The European Commission is set to present its recommendations for heavily revised procedures for vehicle emissions testing next week, Autocar has learned.
A scheduled meeting of the EU’s Technical Committee for Motor Vehicles is due to sit on October 6 and, although the agenda is yet to be made public, the VW emissions scandal is reported to have put a focus on the need to ratify new emissions tests regulations as soon as possible.
Changes to the New European Driving Cycle (NEDC) tests have been discussed for several years, but discussions between the law makers and car companies over the exact details have resulted in lengthy delays. The NEDC was last updated in 1997. Under NEDC regulations, cars are tested in a laboratory under strict test criteria in order to achieve repeatable results for comparison. However, those results are rarely achievable in real-world driving.

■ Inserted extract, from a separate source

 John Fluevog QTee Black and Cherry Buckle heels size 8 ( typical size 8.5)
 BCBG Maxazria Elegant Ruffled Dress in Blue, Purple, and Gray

Features of the NEDC that detract from its real-world accuracy include the temperature range in which the test is conducted, which is always between 20 and 30 degrees centigrade, the use of a flat rolling road and the absence of any wind in the test chamber, other than air directed at cooling ducts to simulate speed. The route simulated is a mix of urban and open driving, with the top speed achieved between 90 and 120kph (56-75mph) depending on the size of the vehicle.
Prior to VW the scandal, the Commission was set to finalise proposals for a more realistic test process later this month, with the new regulations coming into force in 2017. However, the VW test rigging controversy is reported to be seen as a catalyst for quicker change, with some reporting that the new tests could even come into force in early 2016.

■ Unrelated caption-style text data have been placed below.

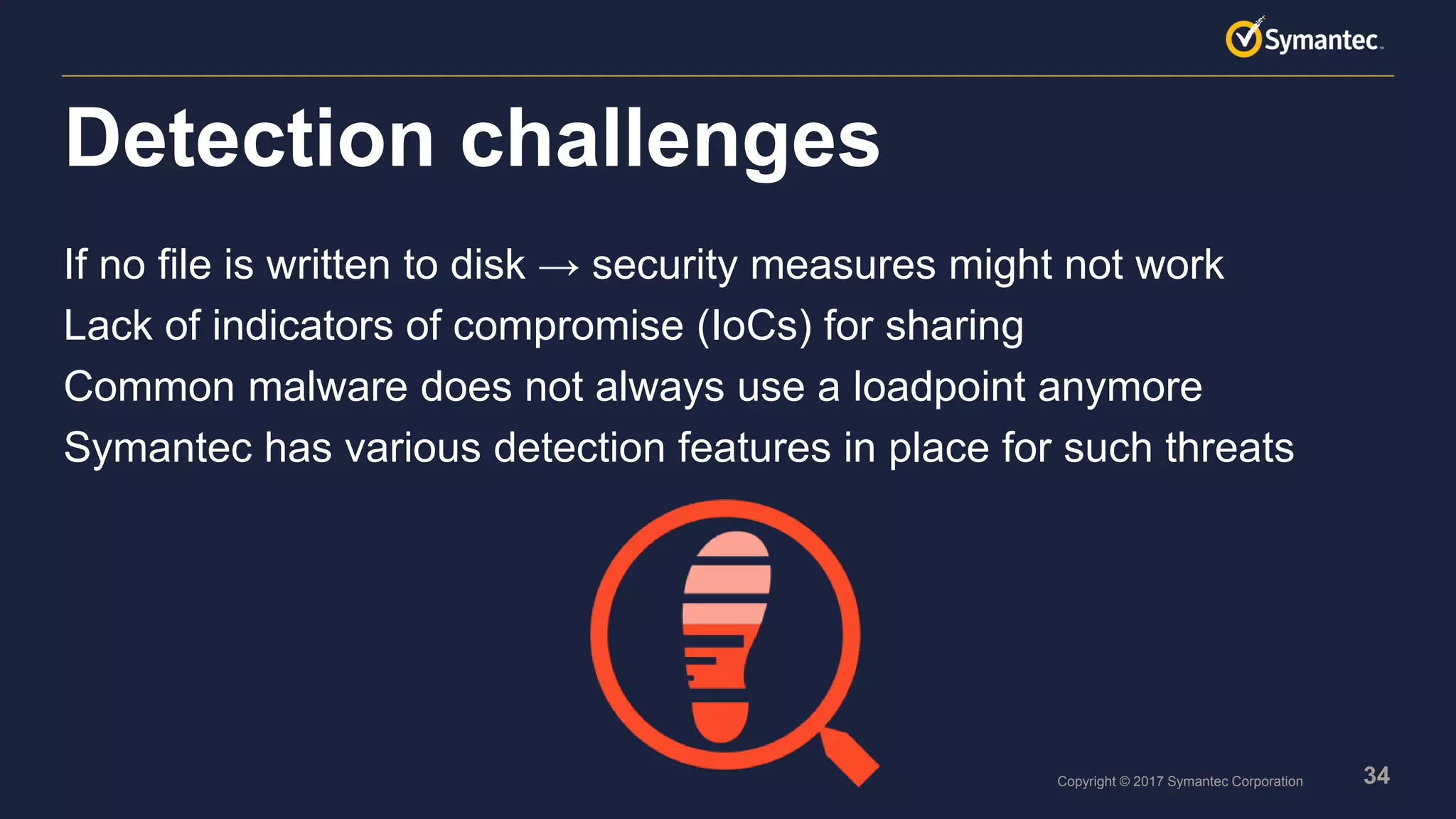 34Copyright © 2017 Symantec Corporation
If no file is written to disk → security measures might not work
Lack of indicators of compromise (IoCs) for sharing
Common malware does not always use a loadpoint anymore
Symantec has various detection features in place for such threats
Detection challenges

The new tests are called the Worldwide Harmonized Light Vehicles Test Procedures (WLTP) and define a global standard for emissions testing. They have been drawn up with consultation from the European Union, Japan, and India under guidelines of UNECE World Forum for Harmonization of Vehicle Regulations. In conjunction, a new set of standards are also being set under the Real Driving Emissions standard.
A Mercedes statement released in the wake of the VW scandal read: "We actively support the work being done within Europe and Germany in order to develop new testing methods which measure emissions based on real driving conditions."